One of the hardest parts of any creative endeavor is sitting down and getting started. You might have the perfect idea for a bestselling novel, or maybe, a groundbreaking product or app that’s going to change the world. 

When ideas hatch into plans, it’s natural to go from thunderbolts of excitement to heavy clouds of pressure. In the idea stage, our imaginations are already projecting our lives past the project. We’re already on stage accepting our Nobel peace prize, basking in the fame and fortune of our genius creation. 

But then comes the rub: We have to actually sit down and start. 

The exotic dance of inspiration becomes a paralyzing realization that before anything, we have to put pen to paper and begin.

In her famous meditation on life and writing, Bird by Bird, Anne Lamott gives some of the best mindset advice you’ll find for starting big projects. She tells the story of when her 10-year-old brother was struggling to start a school report on birds. He had been given three months to write it and now it was due the next day. 

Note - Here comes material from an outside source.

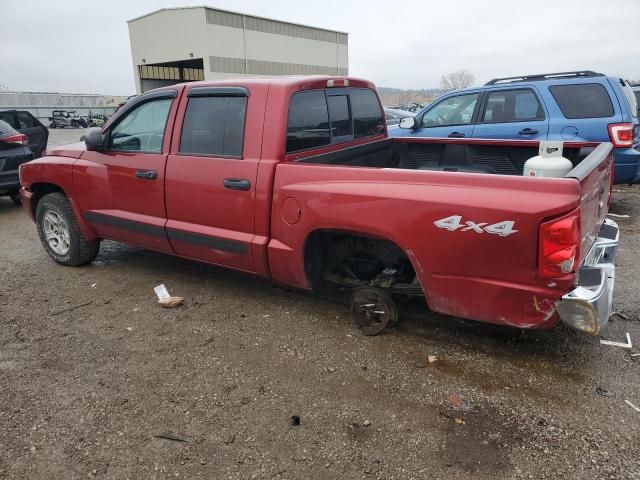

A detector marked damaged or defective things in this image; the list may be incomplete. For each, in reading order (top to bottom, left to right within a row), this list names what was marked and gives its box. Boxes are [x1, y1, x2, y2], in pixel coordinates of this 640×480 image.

damaged rear wheel [350, 286, 396, 336]
bent bumper [556, 218, 620, 334]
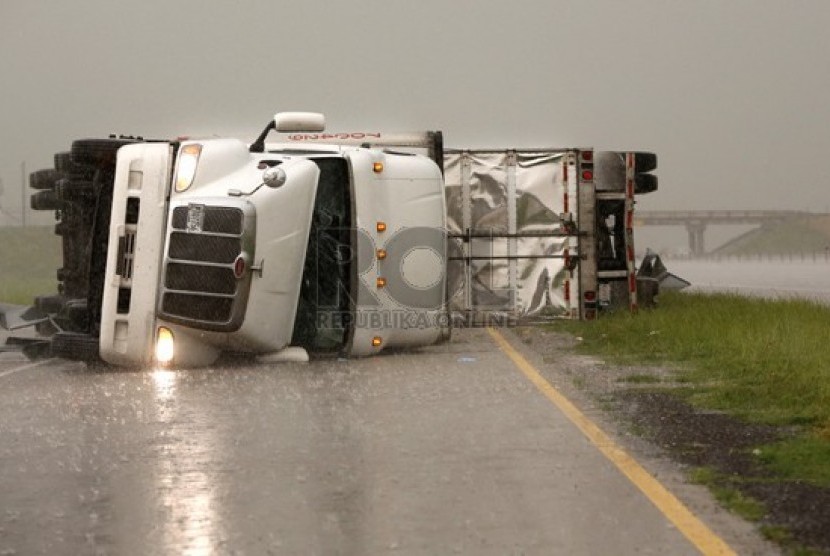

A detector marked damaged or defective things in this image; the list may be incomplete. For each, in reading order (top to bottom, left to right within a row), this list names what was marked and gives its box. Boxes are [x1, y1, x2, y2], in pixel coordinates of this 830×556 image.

“We were out at our family cabin in Bolinas, and he was at the kitchen table close to tears, surrounded by binder paper and pencils and unopened books on birds, immobilized by the hugeness of the task ahead. Then my father sat down beside him, put his arm around my brother’s shoulder, and said, “Bird by bird, buddy. Just take it bird by bird.”

It’s the overwhelm of “Where do I start? How do I start? There’s just so much to do!” that stands in the way of many dreams—creative and otherwise. But whatever it is we’re trying to accomplish, the best course of action is to zoom out. Take a step back from the maze of tasks and go one by one. Word by word, bird by bird.

And before you know it, you’ll be soaring above the clouds and on your way.